You've asked for concrete examples. Read through my "The Bumpy Road to Recovery" threads in detail. Review the journey that I have been experiencing for the past two years. Go through the advice that I have been given. No, my case is not like yours, but there *are* some similarities, so take what applies to you and disregard what doesn't.
-- B.
Me 50, W 45, M for 26 yrs S25, D23, S13, S10 20+ year SSM; recovery began Oct 2007
If you and your wife were to divorce today, do you think that she would go through the rest of her life as a celibate, single woman, or do you think it likely that she would find another man who could "reawaken" her sexual interests again (as happened with your first wife)?

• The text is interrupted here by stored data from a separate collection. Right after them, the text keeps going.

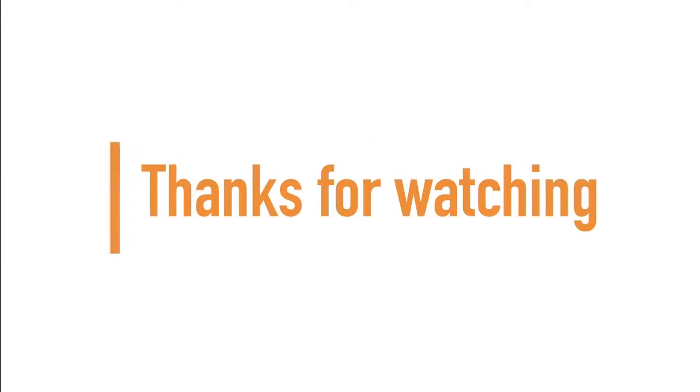If you made it to the end of the video, guys and girls, thanks for watching and don't forget to subscribe for more.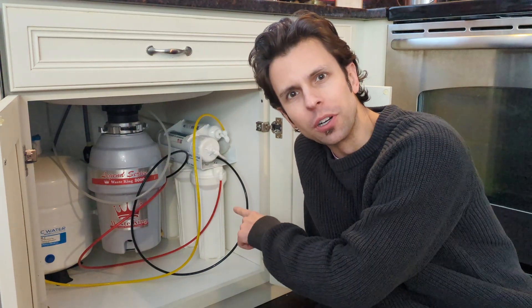Welcome back to Real House DIY. Tim will show you how to replace the stage 4 and 5 filters on your APEC reverse osmosis water filtration system.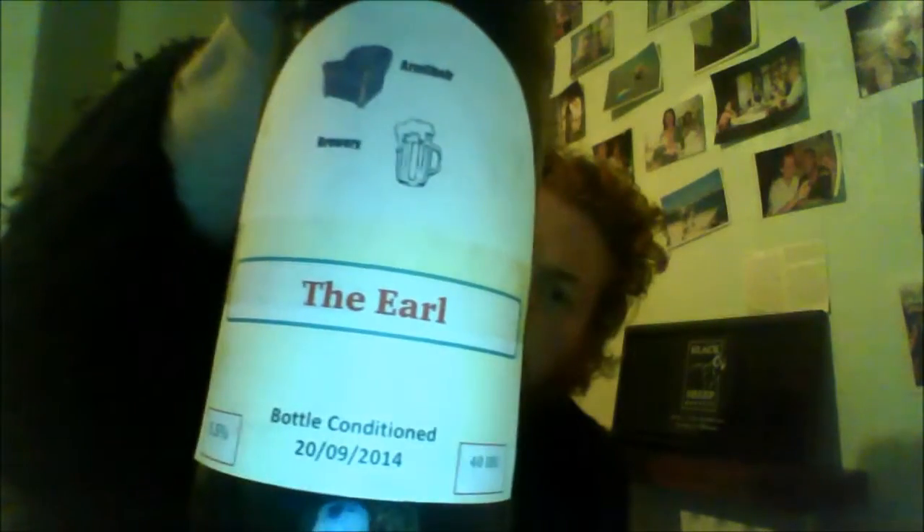Hello! This was a gift from Mr. Simon Seaton — his own brews. He called his own brews Armchair Brewery and this is his beer, The Earl, 5.5%. It was bottled the 20th of September 2014 and it's 40 IBUs.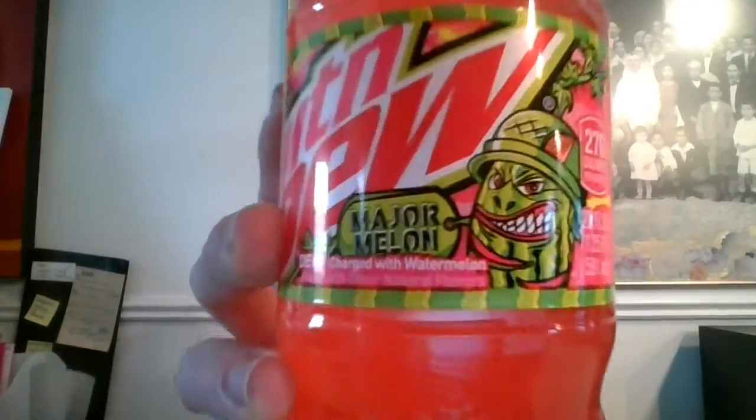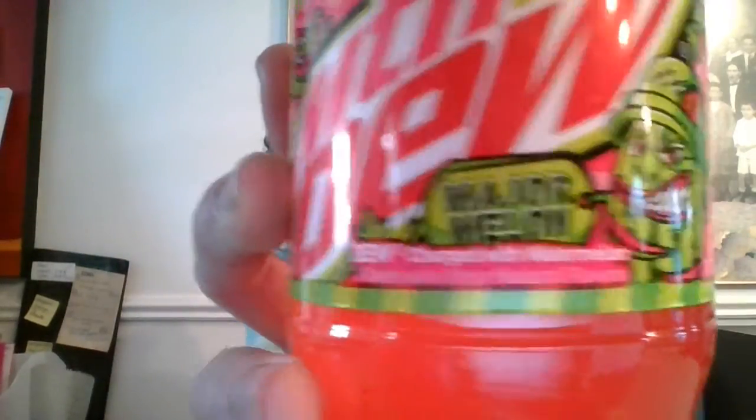Hello everyone and welcome back to my channel. Today I will be trying Mountain Dew's new flavor which is called Major Melon. It is the regular Mountain Dew charged with watermelon. Let's try it out.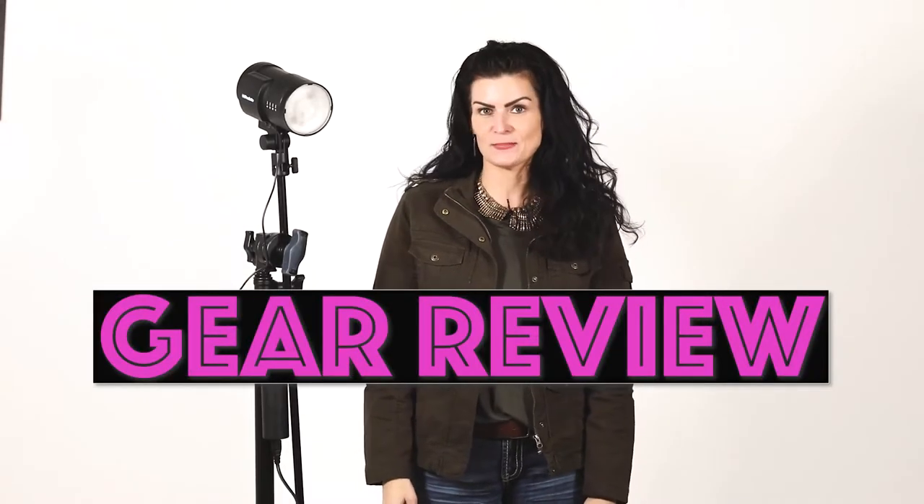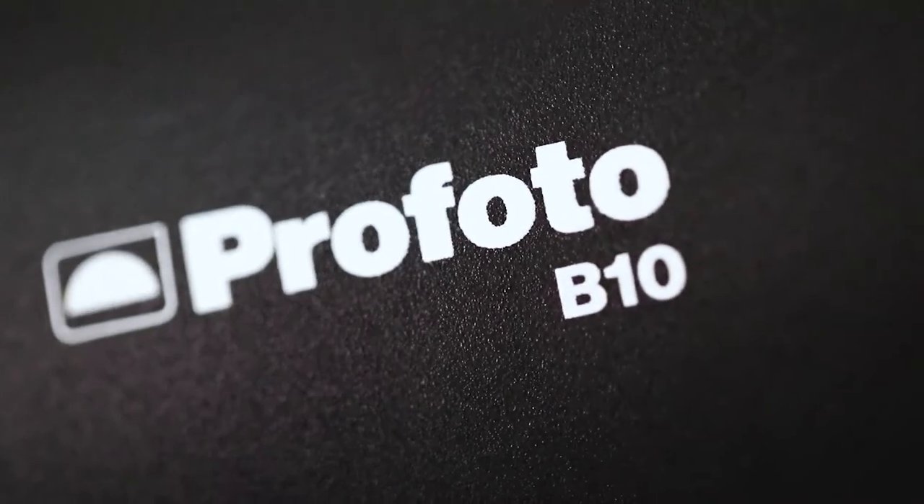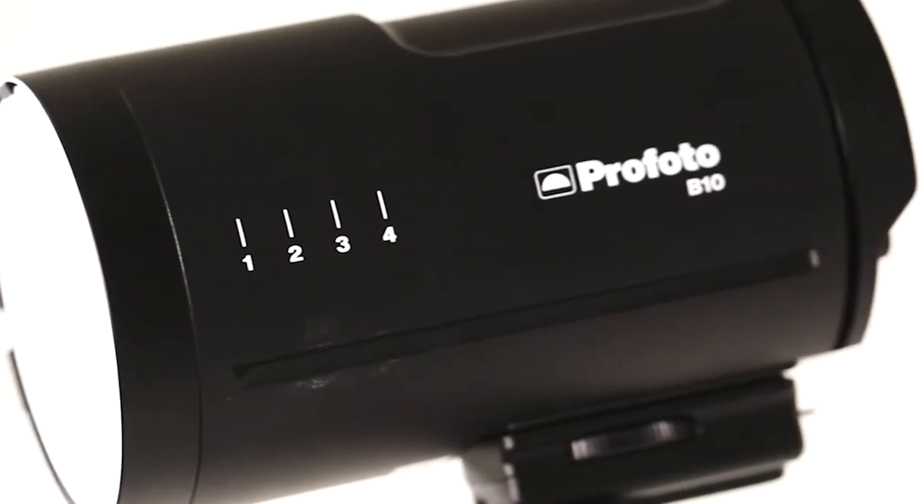Hey guys, it's Missy coming at you from the Amy Rose Studio. I have a piece of equipment that I absolutely love and wanted to do a gear review. I have the Profoto B10 Lite. It's super lightweight, very portable, very sleek and sexy as you can see, and it fits right in the palm of your hand — it's a little bit bigger than that. I brought this out on a trip with me internationally last year and it fit right in my backpack.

Before we go too far down this path, let me state that my first wife isn't exactly in Nirvana. I realized that she is equally "trapped" in nearly the same (sexual) way as I am (once a year, maybe). She is also trapped by the choices she's made and feels, at times, that she has to vigorously defend the choices she made. But when she lets her guard down, she has told me (at various times and has told others) that she made the wrong choice. It's been worded different ways by her:
"If only I had waited (for things) to get 'better'..."
"If I knew that I would have gotten better...."
Or, very directly when she apologized to me years ago for what she did. What triggered it for her was the fact that when she had her second child (by him and he was not traveling or having the work schedule that I had after our son was born), and she felt the same feeling about him as she had felt about me and felt herself drifting out of that marriage and towards another affair, there was an OMG moment for her when she realized what she had done.
It was what pregnancy and the post-partum period did to her emotions and the way she felt about the world.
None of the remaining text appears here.